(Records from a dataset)
————
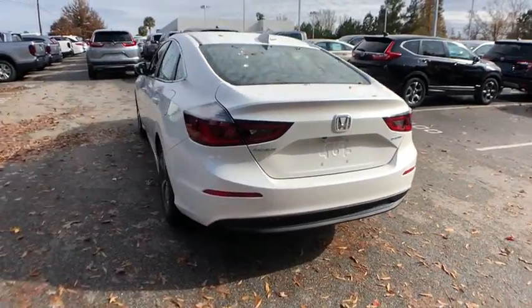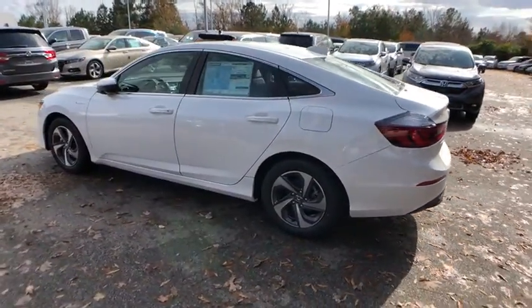This vehicle has less than 100 miles. Here are some of this vehicle's great options.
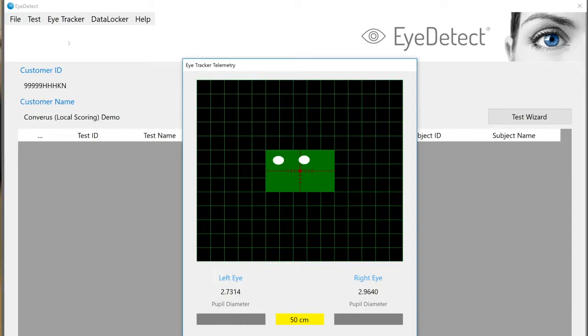Research shows that lying causes involuntary changes in the eyes. Why? Because lying is more cognitively demanding than telling the truth. In other words, you have to think harder to tell a lie, and your eyes react as a result.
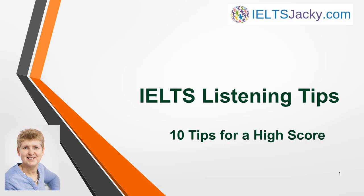Hello, I'm Jackie from IELTSJackie.com. All the lessons in the listening section of the website and on my YouTube channel are packed full of tips, strategies and advice, but this video covers 10 things I especially want to highlight.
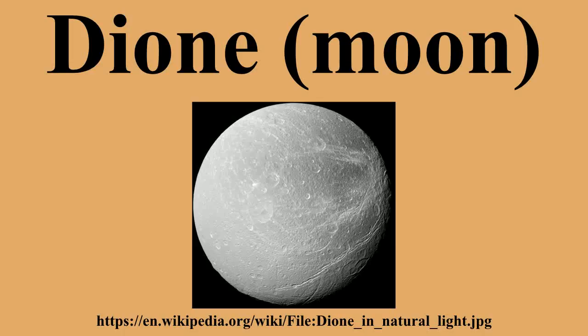At 1,122 km in diameter, Dione is the fifteenth largest moon in the solar system, and is more massive than all known moons smaller than itself combined. About two-thirds of Dione's mass is water ice, and the remaining is a dense core, probably silicate rock. Dione is otherwise very similar to Rhea, as both have similar albedo features and varied terrain, and both have dissimilar leading and trailing hemispheres.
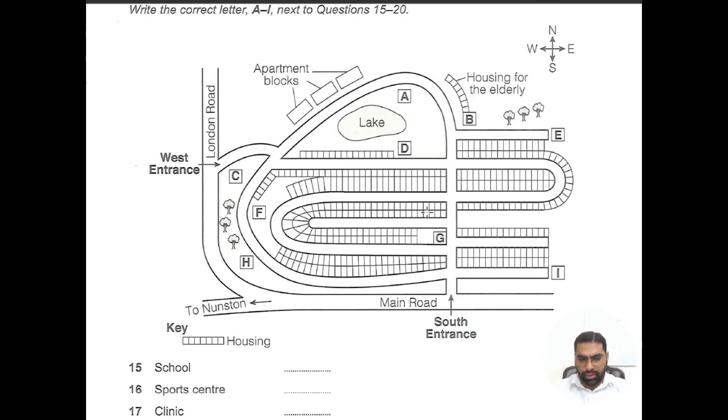Here you can see the south entrance and a main road which goes to Nunston, then the west entrance, and this road is London Road. Other than that, we have three apartment blocks, a lake, housing for elderly, a line of trees here, and three trees here as well.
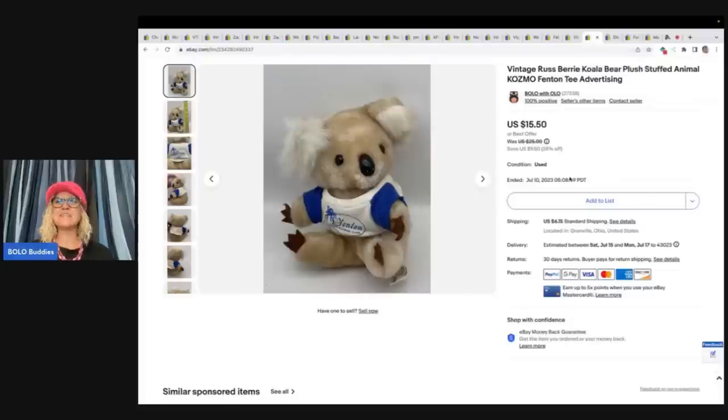The next item is this Vintage Raspberry Koala Bear Stuffed Animal. I got this one at a garage sale for $0.50 and sold it for $13 plus shipping.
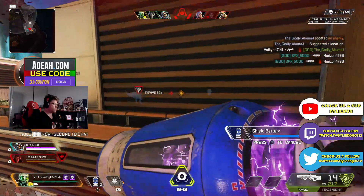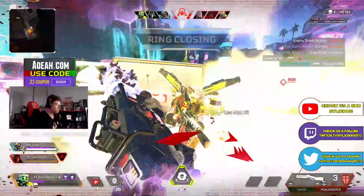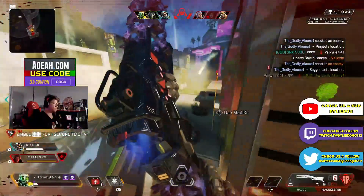G'day guys, and today I want to talk about the skins coming with the Gaiden Anime event later this season. Now these event skins are all based off different animes, and thanks to someone who leaks, we actually know what animes these skins are themed about.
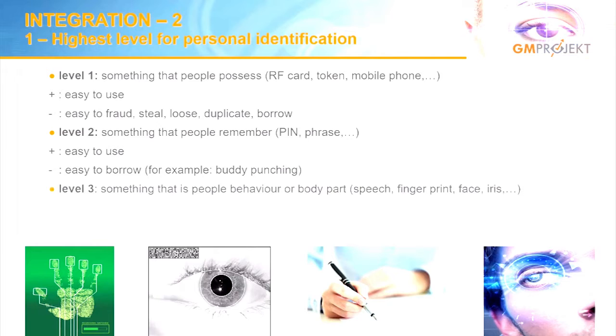Level three is the most important and highest level — it's part of us. It can be behavioral, like speech, which airport operators use for voice recognition, or something physically part of me: my fingerprint, hand geometry, face geometry, and of course my iris, which has the highest data density of all biometric identifiers.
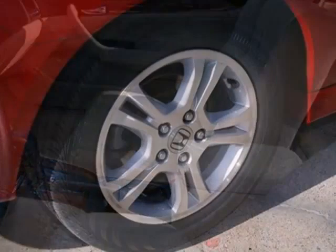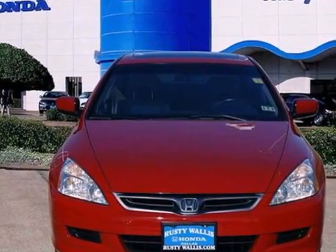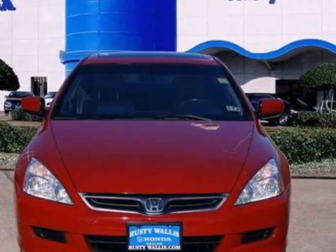Stimulate your pocketbook with its great fuel economy and low cost of ownership. Plus it has the best resale value in its class. Take it for a test drive today.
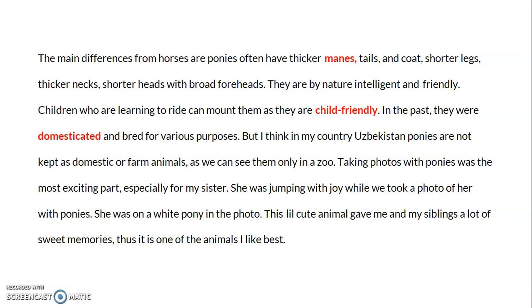Children who are learning to ride can mount them as they are child-friendly. In the past, they were domesticated and bred for various purposes, but in Uzbekistan ponies are not kept as domestic or farm animals — we can only see them in a zoo. Taking photos with the ponies was the most exciting part, especially for my sister, who was jumping with joy. This little cute animal gave me and my siblings a lot of sweet memories, and it is one of the animals I like best.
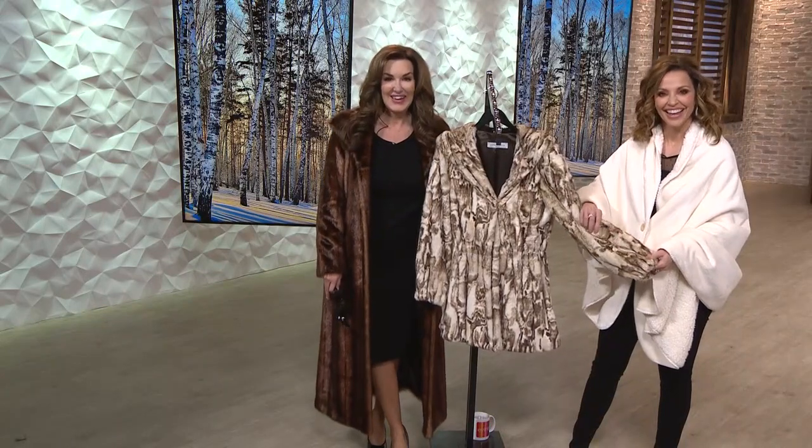I want to welcome Vicki from New York. Do you love Pamela McCoy's pieces — what is it about her coats that you've fallen in love with? I own two of Pamela's coats: the long black with the stand-up collar, and the brown with the shawl collar.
————
### Work order
Set down again, word for word, every line from the one with "G'day guys, and" to the one with "Stimulate your pocketbook" in the entries above, and omit the pictures.

### Expected answer
G'day guys, and today I want to talk about the skins coming with the Gaiden Anime event later this season. Now these event skins are all based off different animes, and thanks to someone who leaks, we actually know what animes these skins are themed about.
Level three is the most important and highest level — it's part of us. It can be behavioral, like speech, which airport operators use for voice recognition, or something physically part of me: my fingerprint, hand geometry, face geometry, and of course my iris, which has the highest data density of all biometric identifiers.
Stimulate your pocketbook with its great fuel economy and low cost of ownership. Plus it has the best resale value in its class. Take it for a test drive today.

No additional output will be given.